Okay… okay. We get it. This was a theatrical production that only made a brief “event” run in theaters during its critically acclaimed turn. Still, it’s classic Boyle — ambitious, overexcited, visionary, and just a bit gimmicky. In fact, the primary stunt here often threatens to overwhelm everything. Yes, the two lead actors actually switched roles, each one taking the other’s part on subsequent nights. Monster one day. Doctor the next. Those who saw both performances understand what Boyle was striving for. Never before has the notion of man playing God been so convincingly criticized and executed. A triumph which should be seen by more people.
5 – 1
Talk about your impressive debuts. After working in television, Boyle channeled his inner Hitchcock by taking the story of three flat mates and a suitcase loaded with cash and turning it into a classic exercise in suspense. Sure, there are some obvious directorial flashes that get in the way of the dread, but overall, this is a forgotten gem in Boyle’s often brilliant oeuvre. In fact, it’s hard to understand why more fans don’t consider this their primary introduction to his work. Trainspotting is often cited as his first real “film.” For those of us familiar with it, we beg to differ… greatly.
How, exactly, do you make an exciting and uplifting film out of the true life story of Aron Ralston, a man who had to sever his own arm to rescue himself after a hiking mishap? Better still, how do you keep such a gory, graphic event from overwhelming the rest of your narrative.
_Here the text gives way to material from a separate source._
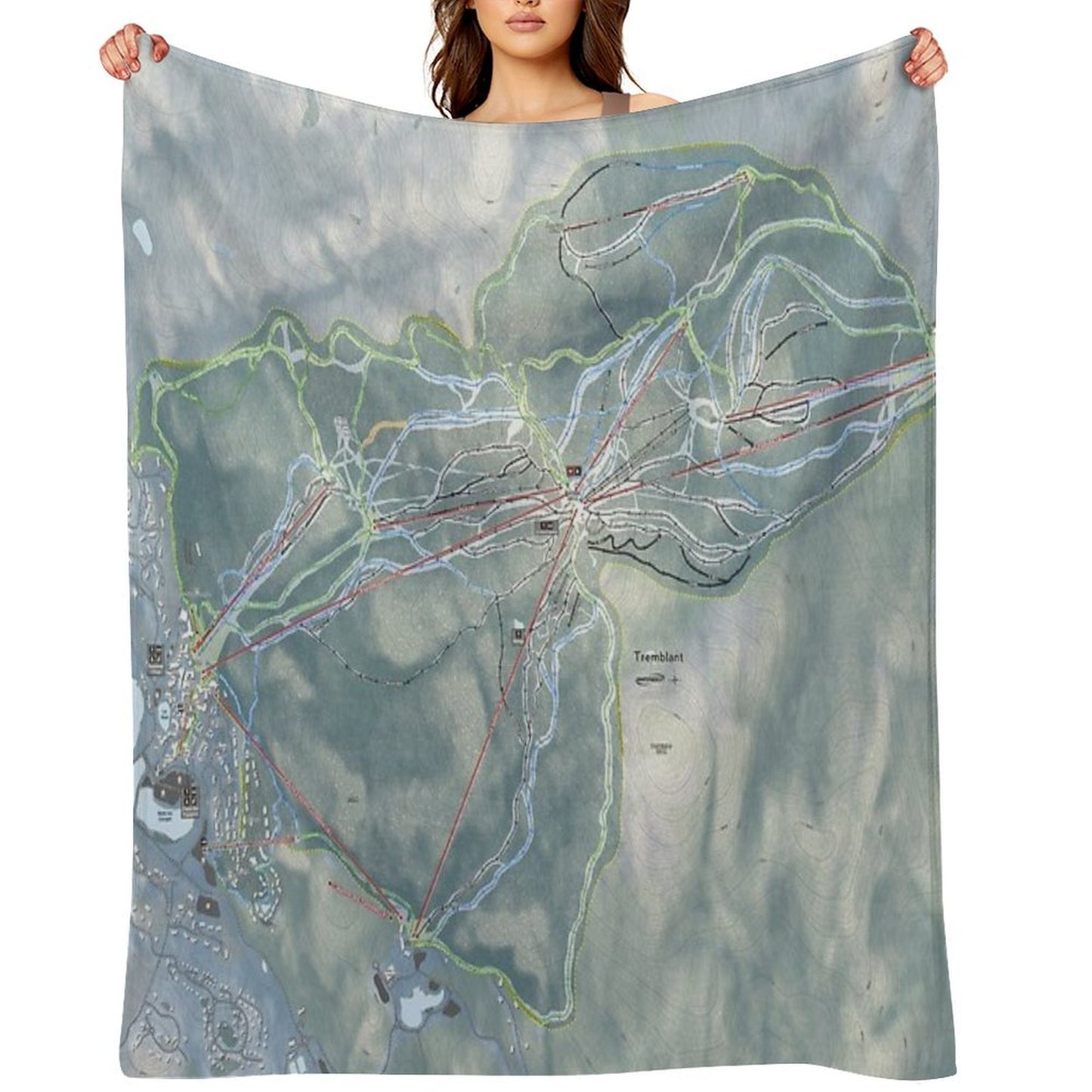 Tremblant Resort Trail Map Throw Blanket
If you’re Boyle, you broaden the subject beyond the sensationalism, taking into account who this man really was and what the event meant to him as a son, a friend, and an adventure seeker. With James Franco nailing the lead, you have a film that shouldn’t succeed, but does so astonishingly.
While our number five choice was his impressive debut, this second film in Boyle’s creative canon announced what a very special and highly unique filmmaker he was aiming to be. The story of heroin addicts in Scotland should have been an insular entertainment, only interesting to those within a specific demographic. Instead, Boyle experienced a burst of false phenom idolatry. Luckily, he would be brought back down to Earth with his next two efforts. Still, this is an amazing movie, almost interactive in how it propels you through the difficult, dead end lives of these characters. There’s talk of a sequel. Here’s hoping.
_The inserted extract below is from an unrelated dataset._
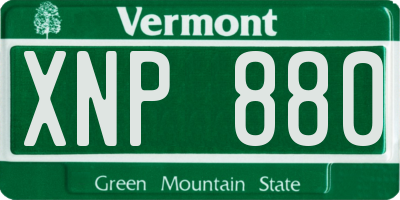 VT license plate XNP880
The hit. The mainstream acceptance. The Oscar run and eventual win. Boyle deserved it, especially in light of the years where he and his particular muse were overlooked by the Hollywood system. Still, Slumdog is no sell out. Instead, it’s an expertly controlled mystery, the manner in which our hero can answer these otherwise difficult questions leading to powerful vignettes filled with insight and empathy… and when you consider that it was a British man commenting on the social situations in India, the discourse has even greater meaning. Sure, it’s a feel good fable about overcoming adversity, but the realities go much, much deeper.
Imagine is Stanley Kubrick had turned 2001 into a standalone thriller, the main focus being on HAL, his two astronaut companions, and that fatal flight to Jupiter. Now leave in all the philosophizing and deep thought subtext, and add in new fangled high tech imagery. As the perfect companion piece to that 1968 masterpiece, Boyle explores man’s relationship to the cosmos and himself in the same sensational manner. There are moments in this movie that are so moving, so awe-inspiring both visually and intellectually that you have to wonder how it ever got made. It’s an aesthetic mantra for most of Boyle’s work.